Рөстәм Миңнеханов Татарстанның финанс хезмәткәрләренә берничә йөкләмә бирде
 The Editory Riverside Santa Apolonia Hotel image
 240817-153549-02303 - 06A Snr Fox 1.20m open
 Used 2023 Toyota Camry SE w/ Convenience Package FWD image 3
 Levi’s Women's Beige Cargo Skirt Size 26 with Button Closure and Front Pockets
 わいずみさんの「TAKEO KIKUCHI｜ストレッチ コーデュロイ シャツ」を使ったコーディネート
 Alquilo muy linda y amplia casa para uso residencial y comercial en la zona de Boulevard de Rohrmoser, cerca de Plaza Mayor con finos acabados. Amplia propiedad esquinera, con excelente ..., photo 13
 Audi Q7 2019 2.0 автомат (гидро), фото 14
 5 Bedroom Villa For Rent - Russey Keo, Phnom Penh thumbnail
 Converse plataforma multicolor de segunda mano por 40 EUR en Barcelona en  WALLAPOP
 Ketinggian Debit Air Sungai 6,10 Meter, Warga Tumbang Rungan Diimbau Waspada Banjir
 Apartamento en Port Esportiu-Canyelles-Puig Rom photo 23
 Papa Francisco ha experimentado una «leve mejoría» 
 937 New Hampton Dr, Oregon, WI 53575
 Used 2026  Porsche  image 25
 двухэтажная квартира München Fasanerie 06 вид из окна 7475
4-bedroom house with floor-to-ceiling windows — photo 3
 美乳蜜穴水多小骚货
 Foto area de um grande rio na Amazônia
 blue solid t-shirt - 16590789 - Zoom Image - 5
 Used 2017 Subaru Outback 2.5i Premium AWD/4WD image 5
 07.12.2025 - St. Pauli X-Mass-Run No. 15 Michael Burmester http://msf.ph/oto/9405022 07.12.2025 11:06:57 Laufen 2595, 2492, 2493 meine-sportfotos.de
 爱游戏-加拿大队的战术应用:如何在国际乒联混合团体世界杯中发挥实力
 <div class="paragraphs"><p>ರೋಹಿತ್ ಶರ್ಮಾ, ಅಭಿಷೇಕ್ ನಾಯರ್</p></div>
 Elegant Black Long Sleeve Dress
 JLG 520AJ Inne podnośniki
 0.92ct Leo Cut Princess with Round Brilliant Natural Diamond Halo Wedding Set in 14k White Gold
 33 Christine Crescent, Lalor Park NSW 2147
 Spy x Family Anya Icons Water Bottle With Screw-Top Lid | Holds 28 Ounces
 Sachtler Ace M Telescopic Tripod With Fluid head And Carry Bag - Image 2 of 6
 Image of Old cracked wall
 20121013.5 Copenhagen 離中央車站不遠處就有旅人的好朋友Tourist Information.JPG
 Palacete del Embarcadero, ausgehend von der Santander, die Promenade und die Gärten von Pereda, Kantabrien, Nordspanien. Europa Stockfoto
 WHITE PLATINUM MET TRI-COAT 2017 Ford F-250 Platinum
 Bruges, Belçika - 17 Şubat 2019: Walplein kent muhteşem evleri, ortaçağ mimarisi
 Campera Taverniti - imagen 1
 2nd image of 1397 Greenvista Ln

■ ■ ■ ■

Action item: Starting at the line with "ಶರ್ಮಾ, ಅಭಿಷೇಕ್ ನಾಯರ್</p></div>" and ending at the line with "Sachtler Ace M", print each line of the listing above exactly, with no other lines.

Response below:
 <div class="paragraphs"><p>ರೋಹಿತ್ ಶರ್ಮಾ, ಅಭಿಷೇಕ್ ನಾಯರ್</p></div>
 Elegant Black Long Sleeve Dress
 JLG 520AJ Inne podnośniki
 0.92ct Leo Cut Princess with Round Brilliant Natural Diamond Halo Wedding Set in 14k White Gold
 33 Christine Crescent, Lalor Park NSW 2147
 Spy x Family Anya Icons Water Bottle With Screw-Top Lid | Holds 28 Ounces
 Sachtler Ace M Telescopic Tripod With Fluid head And Carry Bag - Image 2 of 6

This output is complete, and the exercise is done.